- Opening Delimiter -

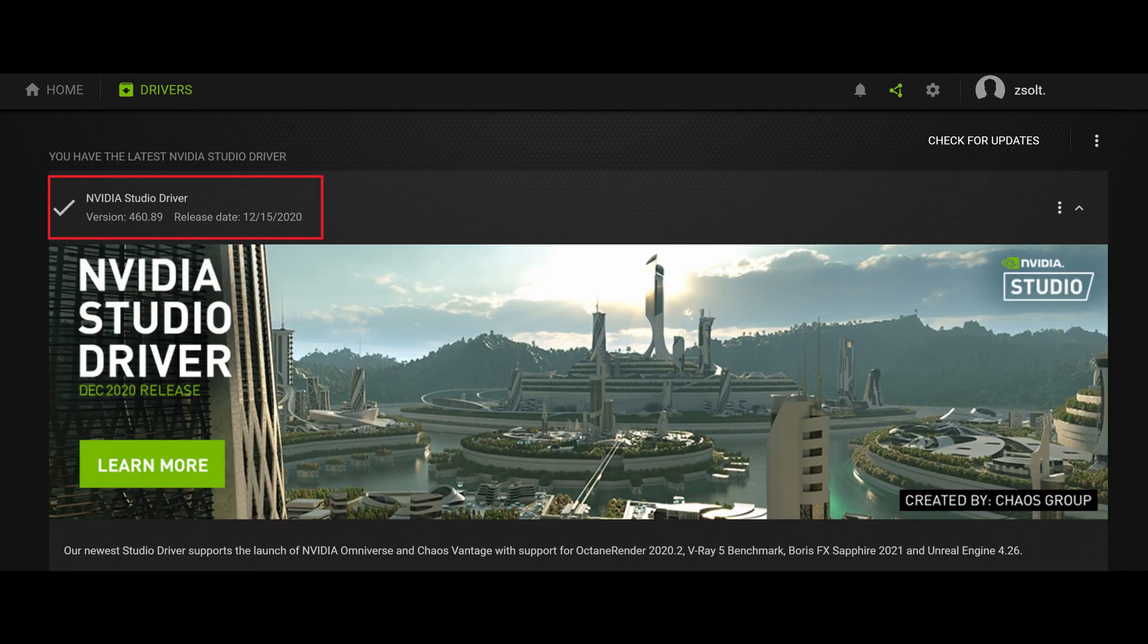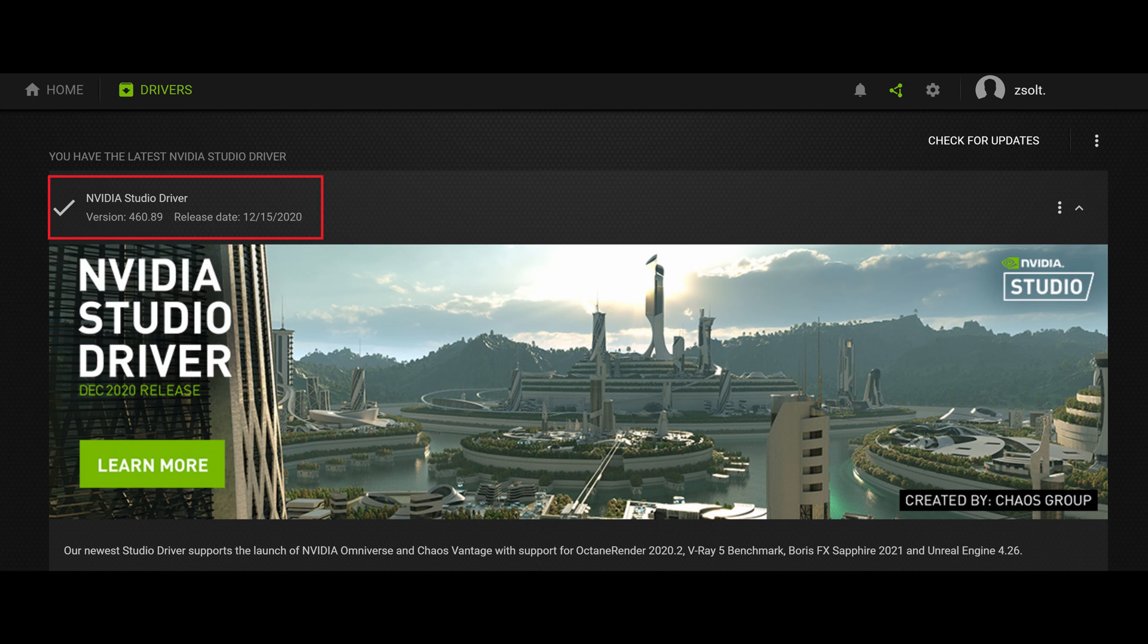When you do so, you will see in the upper left corner again that it changed to NVIDIA Studio Driver, and now it's version number 460.89 from the middle of December. So this one is one driver older version. You need to download and install.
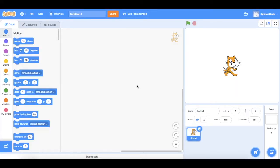Hello and welcome to Splotch Code. This video is about making gravity and movement controls ready to go right into your game. Let's get started.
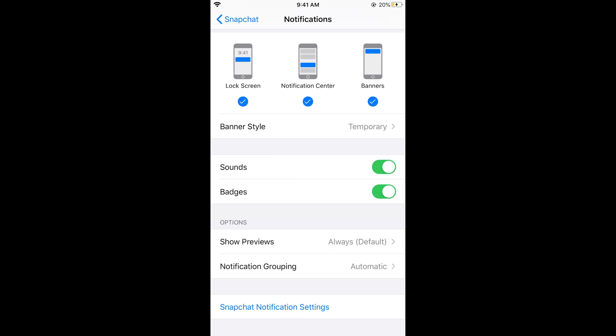Now whenever your phone is locked, there would be just a notification saying notification from Snapchat with no text or the person's name. When the phone is unlocked, you would be seeing all those details.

- Closing Delimiter -

Drop every picture from the data, then output all the rest exactly.

When you do so, you will see in the upper left corner again that it changed to NVIDIA Studio Driver, and now it's version number 460.89 from the middle of December. So this one is one driver older version. You need to download and install.
Hello and welcome to Splotch Code. This video is about making gravity and movement controls ready to go right into your game. Let's get started.
Now whenever your phone is locked, there would be just a notification saying notification from Snapchat with no text or the person's name. When the phone is unlocked, you would be seeing all those details.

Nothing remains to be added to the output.